La señora Ministra debiera considerar que, para parecernos a
Europa de verdad, se debería comenzar por lo más importante, por
lo que obliga la lógica más elemental, por hacer algo razonable
y efectivo para que las listas del paro en España no sean cuatro
veces más numerosas que las del resto de Europa; por aplicar sus
buenas intenciones en resolver ese gravísimo e imperecedero
escarnio que sufren muchos de los jubilados de este país, para
que tengan una pensión que, al menos, les permita vivir con
cierta decencia y acabar el mes comiendo todos los días; por
dedicar su indudable voluntad de trabajo en conseguir que los
mil euros que gana un español al mes se parezcan más a los tres
mil que gana por el mismo trabajo los europeos de allende los
Pirineos...
Como la señora Ministra y sus colegas de Gobierno saben, se
podrían añadir aquí tres mil cuatrocientas causas más -con
auténtica importancia social y económica- que habría que cambiar
para parecernos a Europa.
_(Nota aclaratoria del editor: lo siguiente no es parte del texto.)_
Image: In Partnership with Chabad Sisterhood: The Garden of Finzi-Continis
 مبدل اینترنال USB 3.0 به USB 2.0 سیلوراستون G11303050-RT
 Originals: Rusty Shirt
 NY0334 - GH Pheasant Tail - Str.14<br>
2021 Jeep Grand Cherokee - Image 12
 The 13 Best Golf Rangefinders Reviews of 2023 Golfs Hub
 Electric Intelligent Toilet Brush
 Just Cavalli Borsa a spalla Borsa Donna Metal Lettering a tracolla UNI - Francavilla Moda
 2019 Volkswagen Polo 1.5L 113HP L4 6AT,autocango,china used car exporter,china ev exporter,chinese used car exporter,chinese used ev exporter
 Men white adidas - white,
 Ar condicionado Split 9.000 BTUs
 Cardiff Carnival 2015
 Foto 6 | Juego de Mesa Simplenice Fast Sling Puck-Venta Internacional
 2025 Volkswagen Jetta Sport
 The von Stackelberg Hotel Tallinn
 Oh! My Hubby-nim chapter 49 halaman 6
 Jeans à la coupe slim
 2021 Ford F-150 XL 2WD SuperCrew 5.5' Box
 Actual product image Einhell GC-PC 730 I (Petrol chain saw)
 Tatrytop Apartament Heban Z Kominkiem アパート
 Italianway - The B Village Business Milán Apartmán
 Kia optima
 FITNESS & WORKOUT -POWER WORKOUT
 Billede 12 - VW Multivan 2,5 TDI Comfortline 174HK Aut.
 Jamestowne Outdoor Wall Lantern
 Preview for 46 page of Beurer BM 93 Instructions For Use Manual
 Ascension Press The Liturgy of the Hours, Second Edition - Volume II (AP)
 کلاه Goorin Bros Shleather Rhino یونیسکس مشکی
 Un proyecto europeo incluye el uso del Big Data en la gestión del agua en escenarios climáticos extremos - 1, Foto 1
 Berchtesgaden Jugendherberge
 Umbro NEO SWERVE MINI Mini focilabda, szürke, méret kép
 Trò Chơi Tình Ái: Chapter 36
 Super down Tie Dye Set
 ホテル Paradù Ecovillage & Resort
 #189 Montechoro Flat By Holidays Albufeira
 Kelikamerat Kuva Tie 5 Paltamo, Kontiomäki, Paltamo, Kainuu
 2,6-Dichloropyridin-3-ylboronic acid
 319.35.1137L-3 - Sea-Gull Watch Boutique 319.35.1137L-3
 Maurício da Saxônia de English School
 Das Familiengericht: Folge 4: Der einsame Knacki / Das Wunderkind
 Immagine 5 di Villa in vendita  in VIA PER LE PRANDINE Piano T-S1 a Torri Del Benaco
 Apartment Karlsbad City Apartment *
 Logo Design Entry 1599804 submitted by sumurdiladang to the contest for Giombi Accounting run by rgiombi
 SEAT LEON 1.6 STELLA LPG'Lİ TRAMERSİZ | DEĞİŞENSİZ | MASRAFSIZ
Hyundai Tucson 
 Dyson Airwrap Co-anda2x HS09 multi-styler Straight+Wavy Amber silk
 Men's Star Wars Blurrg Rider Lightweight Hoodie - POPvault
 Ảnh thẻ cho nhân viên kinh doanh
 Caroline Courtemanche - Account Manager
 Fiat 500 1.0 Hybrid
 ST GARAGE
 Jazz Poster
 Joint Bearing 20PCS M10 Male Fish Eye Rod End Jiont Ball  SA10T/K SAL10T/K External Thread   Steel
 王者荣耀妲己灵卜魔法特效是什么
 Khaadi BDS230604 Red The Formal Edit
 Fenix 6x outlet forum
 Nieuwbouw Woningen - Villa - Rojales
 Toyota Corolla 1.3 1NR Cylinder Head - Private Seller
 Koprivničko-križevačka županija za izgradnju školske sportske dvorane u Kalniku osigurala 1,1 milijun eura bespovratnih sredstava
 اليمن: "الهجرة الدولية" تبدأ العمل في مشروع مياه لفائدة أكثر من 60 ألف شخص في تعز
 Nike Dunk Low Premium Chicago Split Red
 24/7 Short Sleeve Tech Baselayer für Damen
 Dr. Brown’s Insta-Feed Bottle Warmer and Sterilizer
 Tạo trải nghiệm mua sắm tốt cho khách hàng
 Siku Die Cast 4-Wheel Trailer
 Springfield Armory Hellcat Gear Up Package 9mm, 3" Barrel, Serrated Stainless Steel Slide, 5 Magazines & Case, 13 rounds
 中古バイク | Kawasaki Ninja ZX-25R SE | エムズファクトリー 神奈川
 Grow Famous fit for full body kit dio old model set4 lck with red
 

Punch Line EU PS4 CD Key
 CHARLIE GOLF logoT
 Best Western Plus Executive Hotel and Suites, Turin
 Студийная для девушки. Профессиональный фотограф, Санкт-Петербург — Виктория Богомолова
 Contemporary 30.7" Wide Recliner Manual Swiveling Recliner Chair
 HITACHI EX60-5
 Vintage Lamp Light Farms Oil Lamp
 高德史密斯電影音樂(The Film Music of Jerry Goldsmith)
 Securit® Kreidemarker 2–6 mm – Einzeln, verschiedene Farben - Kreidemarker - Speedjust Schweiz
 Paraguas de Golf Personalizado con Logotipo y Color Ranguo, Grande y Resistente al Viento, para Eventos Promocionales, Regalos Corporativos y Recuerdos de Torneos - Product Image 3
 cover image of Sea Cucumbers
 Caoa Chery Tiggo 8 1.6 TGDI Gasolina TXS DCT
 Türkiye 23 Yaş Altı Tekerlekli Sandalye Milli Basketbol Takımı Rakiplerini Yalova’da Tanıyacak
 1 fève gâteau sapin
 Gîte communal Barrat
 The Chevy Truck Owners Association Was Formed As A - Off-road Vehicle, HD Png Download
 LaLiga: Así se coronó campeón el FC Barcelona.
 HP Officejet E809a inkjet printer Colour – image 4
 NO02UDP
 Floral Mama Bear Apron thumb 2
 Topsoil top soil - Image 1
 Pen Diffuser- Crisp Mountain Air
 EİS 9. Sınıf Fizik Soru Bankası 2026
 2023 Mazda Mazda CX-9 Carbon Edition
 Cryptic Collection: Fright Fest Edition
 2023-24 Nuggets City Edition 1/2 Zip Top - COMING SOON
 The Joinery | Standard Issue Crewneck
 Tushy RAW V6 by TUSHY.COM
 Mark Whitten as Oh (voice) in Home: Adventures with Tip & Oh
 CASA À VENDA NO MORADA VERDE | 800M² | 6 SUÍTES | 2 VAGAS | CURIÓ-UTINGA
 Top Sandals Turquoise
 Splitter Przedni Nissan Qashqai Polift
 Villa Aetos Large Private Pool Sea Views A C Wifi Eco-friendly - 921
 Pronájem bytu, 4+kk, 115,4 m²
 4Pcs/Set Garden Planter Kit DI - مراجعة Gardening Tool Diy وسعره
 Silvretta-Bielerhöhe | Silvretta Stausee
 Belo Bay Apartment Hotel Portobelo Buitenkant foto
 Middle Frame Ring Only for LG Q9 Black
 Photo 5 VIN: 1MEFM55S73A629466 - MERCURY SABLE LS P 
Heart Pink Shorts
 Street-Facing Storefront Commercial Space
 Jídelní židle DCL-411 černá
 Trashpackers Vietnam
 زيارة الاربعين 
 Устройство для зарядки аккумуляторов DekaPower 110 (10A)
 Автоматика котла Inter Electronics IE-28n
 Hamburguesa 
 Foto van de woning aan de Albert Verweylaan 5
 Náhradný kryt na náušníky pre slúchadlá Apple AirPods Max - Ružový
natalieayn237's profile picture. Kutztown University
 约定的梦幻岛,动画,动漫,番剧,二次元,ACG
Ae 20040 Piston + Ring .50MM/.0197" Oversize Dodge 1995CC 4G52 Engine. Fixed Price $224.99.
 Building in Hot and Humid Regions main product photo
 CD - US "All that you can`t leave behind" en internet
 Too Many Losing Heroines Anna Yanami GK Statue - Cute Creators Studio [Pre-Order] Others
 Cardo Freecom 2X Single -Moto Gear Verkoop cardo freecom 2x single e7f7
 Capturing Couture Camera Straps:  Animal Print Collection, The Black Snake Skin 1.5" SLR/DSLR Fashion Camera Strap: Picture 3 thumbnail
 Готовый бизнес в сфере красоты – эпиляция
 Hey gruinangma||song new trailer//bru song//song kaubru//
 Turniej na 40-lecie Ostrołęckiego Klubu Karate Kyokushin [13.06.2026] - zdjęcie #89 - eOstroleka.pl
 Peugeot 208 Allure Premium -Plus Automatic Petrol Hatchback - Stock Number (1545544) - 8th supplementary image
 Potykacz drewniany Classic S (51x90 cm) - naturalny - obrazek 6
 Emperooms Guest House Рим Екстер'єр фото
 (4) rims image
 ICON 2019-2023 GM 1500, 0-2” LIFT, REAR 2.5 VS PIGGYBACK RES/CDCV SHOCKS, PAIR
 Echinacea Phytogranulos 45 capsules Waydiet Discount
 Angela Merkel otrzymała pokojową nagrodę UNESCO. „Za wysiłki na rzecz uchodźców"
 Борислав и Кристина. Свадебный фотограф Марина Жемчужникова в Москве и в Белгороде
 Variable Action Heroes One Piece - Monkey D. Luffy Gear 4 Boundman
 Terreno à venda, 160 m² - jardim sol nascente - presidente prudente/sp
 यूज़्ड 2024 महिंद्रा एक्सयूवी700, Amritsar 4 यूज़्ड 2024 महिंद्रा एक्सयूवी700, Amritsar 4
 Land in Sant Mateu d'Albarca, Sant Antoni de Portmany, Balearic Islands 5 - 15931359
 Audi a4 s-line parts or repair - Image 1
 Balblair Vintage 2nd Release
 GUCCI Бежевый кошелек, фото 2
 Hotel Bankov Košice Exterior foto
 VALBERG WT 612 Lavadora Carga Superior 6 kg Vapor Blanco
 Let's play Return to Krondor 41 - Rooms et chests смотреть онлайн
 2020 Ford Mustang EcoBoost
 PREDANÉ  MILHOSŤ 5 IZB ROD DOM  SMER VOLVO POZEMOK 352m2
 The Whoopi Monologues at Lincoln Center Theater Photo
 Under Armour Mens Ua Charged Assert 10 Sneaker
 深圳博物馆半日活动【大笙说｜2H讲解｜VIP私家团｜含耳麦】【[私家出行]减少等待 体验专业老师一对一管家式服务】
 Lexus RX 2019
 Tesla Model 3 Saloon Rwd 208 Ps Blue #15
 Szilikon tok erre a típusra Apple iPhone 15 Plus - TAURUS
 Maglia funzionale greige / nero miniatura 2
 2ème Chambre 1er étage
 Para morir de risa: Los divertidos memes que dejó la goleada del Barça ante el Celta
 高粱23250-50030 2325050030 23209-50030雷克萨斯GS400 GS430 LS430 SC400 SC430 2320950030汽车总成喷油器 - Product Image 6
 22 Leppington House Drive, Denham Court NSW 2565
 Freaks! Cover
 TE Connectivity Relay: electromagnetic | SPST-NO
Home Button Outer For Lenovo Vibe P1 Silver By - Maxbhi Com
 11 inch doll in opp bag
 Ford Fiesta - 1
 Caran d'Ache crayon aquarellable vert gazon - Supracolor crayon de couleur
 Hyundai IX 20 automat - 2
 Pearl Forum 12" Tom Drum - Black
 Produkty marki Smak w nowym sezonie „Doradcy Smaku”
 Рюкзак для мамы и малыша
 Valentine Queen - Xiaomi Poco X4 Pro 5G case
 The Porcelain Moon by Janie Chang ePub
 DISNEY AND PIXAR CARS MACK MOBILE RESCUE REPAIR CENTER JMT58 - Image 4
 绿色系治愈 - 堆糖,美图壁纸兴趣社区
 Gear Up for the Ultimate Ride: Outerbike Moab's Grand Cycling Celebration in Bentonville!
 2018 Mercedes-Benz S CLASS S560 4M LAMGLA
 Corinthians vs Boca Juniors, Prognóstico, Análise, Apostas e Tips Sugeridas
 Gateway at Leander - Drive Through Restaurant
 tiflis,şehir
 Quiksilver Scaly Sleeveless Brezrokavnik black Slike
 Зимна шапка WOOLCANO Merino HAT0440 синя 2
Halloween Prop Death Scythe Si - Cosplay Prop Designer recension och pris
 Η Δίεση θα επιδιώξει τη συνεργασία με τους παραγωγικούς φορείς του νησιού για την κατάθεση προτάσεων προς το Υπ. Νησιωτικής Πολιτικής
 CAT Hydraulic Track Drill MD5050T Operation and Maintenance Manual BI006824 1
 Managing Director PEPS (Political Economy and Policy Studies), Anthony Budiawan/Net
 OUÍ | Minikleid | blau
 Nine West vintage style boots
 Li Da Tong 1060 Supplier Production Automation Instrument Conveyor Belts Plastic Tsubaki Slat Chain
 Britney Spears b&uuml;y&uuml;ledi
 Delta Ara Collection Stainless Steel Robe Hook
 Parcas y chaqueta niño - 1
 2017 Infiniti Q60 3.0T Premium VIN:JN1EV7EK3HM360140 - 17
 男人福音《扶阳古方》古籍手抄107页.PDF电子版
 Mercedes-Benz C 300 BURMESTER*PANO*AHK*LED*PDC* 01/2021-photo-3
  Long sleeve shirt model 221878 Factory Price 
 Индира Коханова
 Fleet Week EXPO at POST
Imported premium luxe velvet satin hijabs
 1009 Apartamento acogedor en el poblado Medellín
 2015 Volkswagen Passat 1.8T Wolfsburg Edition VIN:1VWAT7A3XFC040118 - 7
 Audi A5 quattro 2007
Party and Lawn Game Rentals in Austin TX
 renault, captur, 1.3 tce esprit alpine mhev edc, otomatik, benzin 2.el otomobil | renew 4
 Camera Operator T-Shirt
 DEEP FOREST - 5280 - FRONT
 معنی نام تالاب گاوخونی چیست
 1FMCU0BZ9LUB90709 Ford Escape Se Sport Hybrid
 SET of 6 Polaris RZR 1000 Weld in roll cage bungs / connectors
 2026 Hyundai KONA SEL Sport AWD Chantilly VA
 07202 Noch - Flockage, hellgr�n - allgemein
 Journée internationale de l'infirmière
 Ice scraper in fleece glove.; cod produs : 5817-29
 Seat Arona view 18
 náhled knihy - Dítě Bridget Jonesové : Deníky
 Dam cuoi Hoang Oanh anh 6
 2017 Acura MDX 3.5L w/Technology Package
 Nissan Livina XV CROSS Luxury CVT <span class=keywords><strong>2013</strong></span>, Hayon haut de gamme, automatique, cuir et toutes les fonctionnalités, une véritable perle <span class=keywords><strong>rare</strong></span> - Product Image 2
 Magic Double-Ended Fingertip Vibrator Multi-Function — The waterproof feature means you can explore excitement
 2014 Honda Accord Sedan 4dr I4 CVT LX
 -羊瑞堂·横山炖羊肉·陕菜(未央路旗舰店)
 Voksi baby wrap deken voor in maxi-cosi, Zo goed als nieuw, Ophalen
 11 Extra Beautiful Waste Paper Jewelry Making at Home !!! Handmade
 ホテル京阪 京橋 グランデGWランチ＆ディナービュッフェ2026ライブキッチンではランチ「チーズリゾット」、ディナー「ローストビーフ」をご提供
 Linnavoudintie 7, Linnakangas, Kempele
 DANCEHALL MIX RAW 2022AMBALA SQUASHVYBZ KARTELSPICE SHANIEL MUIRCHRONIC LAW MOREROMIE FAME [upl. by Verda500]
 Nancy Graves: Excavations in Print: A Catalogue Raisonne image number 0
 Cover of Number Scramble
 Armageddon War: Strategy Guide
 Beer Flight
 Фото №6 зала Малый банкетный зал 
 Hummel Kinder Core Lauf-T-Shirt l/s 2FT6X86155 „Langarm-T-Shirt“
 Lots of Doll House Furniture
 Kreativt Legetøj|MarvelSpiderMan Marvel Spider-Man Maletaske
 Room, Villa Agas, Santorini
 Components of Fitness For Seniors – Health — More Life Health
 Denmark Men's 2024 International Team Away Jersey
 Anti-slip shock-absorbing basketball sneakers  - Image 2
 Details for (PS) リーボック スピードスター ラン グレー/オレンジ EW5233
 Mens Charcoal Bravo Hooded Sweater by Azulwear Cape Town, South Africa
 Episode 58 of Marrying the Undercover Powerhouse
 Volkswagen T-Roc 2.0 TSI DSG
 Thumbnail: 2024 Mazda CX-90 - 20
Naturalmente, cualquiera de ellas con
bastante más complejidad -y necesitadas de capacidades en sus
ejecutores para llevarlas a la práctica- que unas sencillas
leyes restrictivas o coercitivas tales como la de "Se prohíbe
fumar". Resolver esas necesidades socioeconómicas -o al menos
intentarlo-, como también ya saben, es la única fórmula para que
un Gobierno permanezca en su puesto durante muchos años, querido
y aceptado por el pueblo y reelegido una y otra vez. Y entonces
nos preguntamos ¿Por qué no lo intentan? ¿Por qué, en lugar de
tanta campaña y publicidad y leyes antitabaco, no se esfuerzan
en dar a la sufrida, debilitada y desfallecida sociedad española
unos hálitos de salud?
No, no hace falta que respondan... Ya nos lo imaginamos.